## [Task objective]
An exact transcription of all the data is required, with every image removed.
== Exercise data
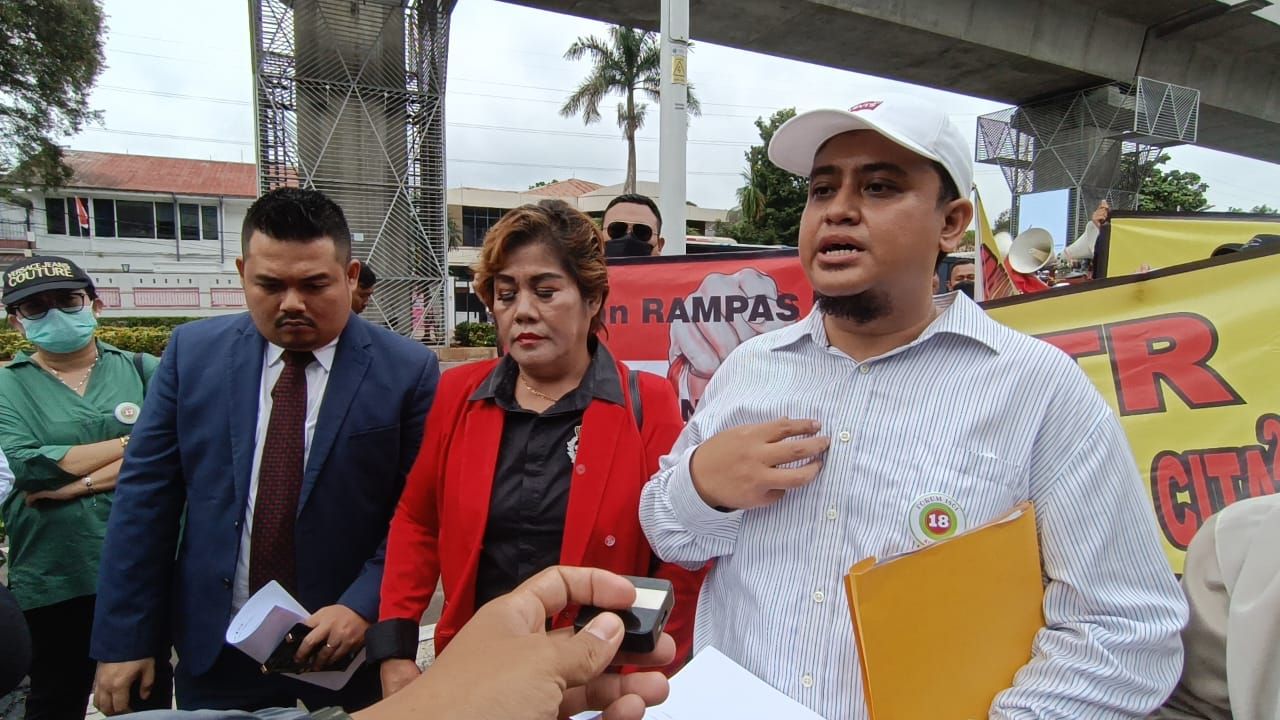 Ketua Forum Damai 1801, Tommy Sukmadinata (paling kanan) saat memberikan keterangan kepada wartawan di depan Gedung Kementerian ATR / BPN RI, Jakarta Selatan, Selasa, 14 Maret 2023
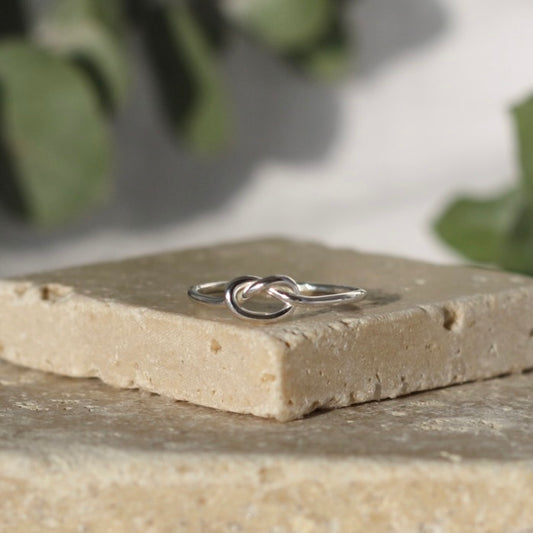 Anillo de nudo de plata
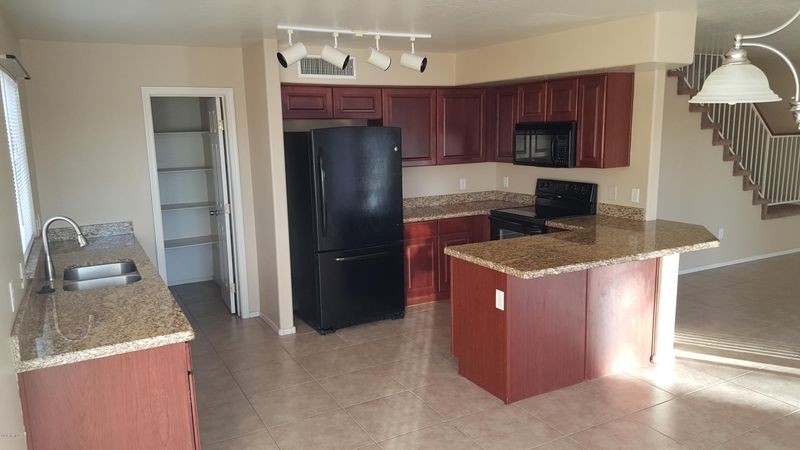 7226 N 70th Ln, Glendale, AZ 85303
====
## [Expected answer]
 Ketua Forum Damai 1801, Tommy Sukmadinata (paling kanan) saat memberikan keterangan kepada wartawan di depan Gedung Kementerian ATR / BPN RI, Jakarta Selatan, Selasa, 14 Maret 2023
 Anillo de nudo de plata
 7226 N 70th Ln, Glendale, AZ 85303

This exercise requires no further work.